4 Responses to Stories Of The Collapse Of Susquehanna Smallmouth Bass

  1. Lower Susquehanna Riverkeeper February 18, 2013 at 5:05 pm

    We appreciate your online petition, but we need to do more to get EPA to overturn the DEP’s decision not to list the lower Susquehanna River as impaired.

    I’m the Lower Susquehanna Riverkeeper and I’ve been studying the decline of the Smallmouth since 2005. Everybody knows the river should be declared impaired, EXCEPT the PA DEP. So we have to go over their heads to the EPA. PLEASE, if you have experienced this decline and can take a quick survey and write a letter, email me at


    I know some people need deadlines, so here it is. If you have experienced the decline in the Smallmouth fishing, if you don’t take your kids fishing on the Susquehanna because all of the Redeyes, Bluegills, and Sunfish have virtually disappeared, if you own a business that has suffered due to the decline of recreational fishing tourism- IT”S YOUR TIME TO SPEAK UP.

    We need you to do 2 things – fill out a survey and send a letter. We already have over 1,000 years of fishermen’s experiences in our survey, but more is better. We don’t have nearly enough letters yet. Please message me or email me now to get the survey:

    Please let us help you outline your letter to EPA to give it the most impact. Again, email me for instructions.

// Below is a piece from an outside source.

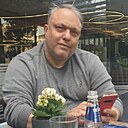 Емил, 55 лет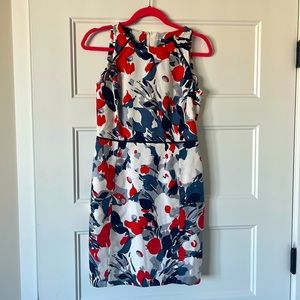 Tommy Hilfiger Dress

    • Christopher Smith February 18, 2013 at 6:05 pm

      I have written to the DEP as well and encouraged others to write their legislators.
      Thank you for all you do.

  2. Ken Maurer April 30, 2013 at 11:21 pm

    I almost hate to tell y’all this, but in the fall of 2012, I had some of the best smallmouth fishing of my life on the Susquehanna, and I’ve been fishing the Lady since the 60’s.

    • Christopher Smith May 1, 2013 at 2:25 pm

      Ken, I’m glad you posted because I hope that is a trend we keep seeing. If there is a true environmental problem, it would be nice to address it before it’s too late but if there is a cyclical ebb and flow of bass populations, maybe with time it will resolve.
      I’m curious where you are fishing and if you are seeing many small bass. I think many are experiencing the problem around Harrisburg and south. We are seeing larger bass but not many young ones there.
      What has been your experience.